→ **Exercise requirements**
Leaving out every picture, please repeat exactly the line that contains "17 Mill End, Wanaka - Carousel 19" and each line after it through the final line below.

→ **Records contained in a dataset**
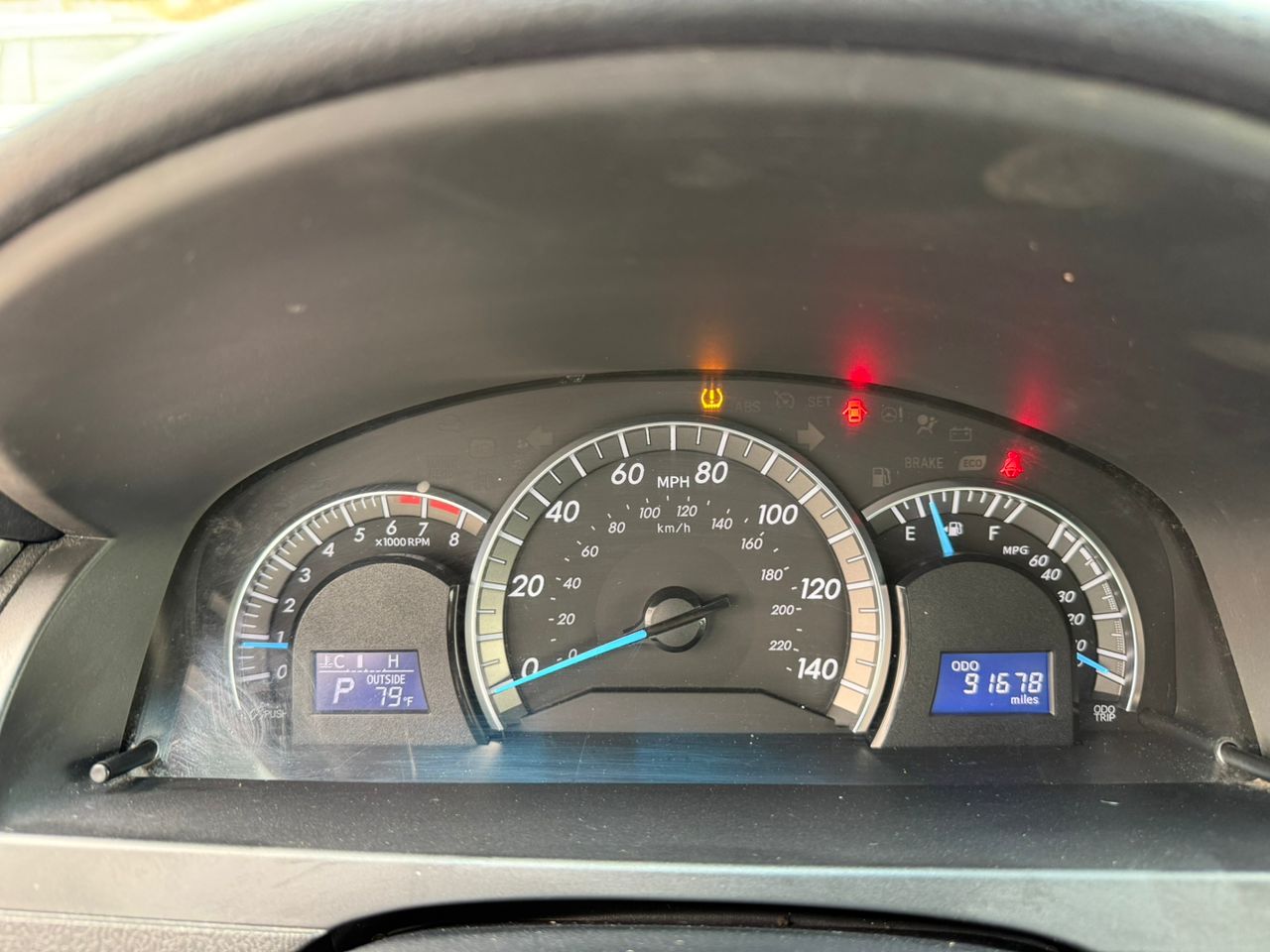 WhatsApp Image 2026-01-29 at 1.48.40 PM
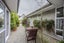 17 Mill End, Wanaka - Carousel 19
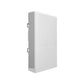 MikroTik 16-100(15-PoE-in) 2-SFP L5 req18-57V CRS318-1FI-15FR-2S-OUT | NETPOWER-15FR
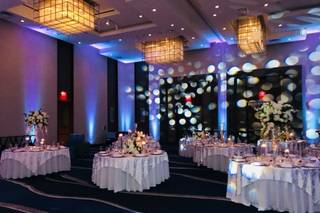 Hilton West Palm Beach - 9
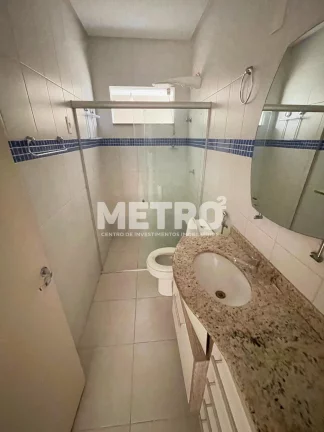 Imagem Casa para locação, Cidade Universitária, PETROLINA - PE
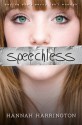 Speechless - Hannah Harrington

→ **Answer box**
 17 Mill End, Wanaka - Carousel 19
 MikroTik 16-100(15-PoE-in) 2-SFP L5 req18-57V CRS318-1FI-15FR-2S-OUT | NETPOWER-15FR
 Hilton West Palm Beach - 9
 Imagem Casa para locação, Cidade Universitária, PETROLINA - PE
 Speechless - Hannah Harrington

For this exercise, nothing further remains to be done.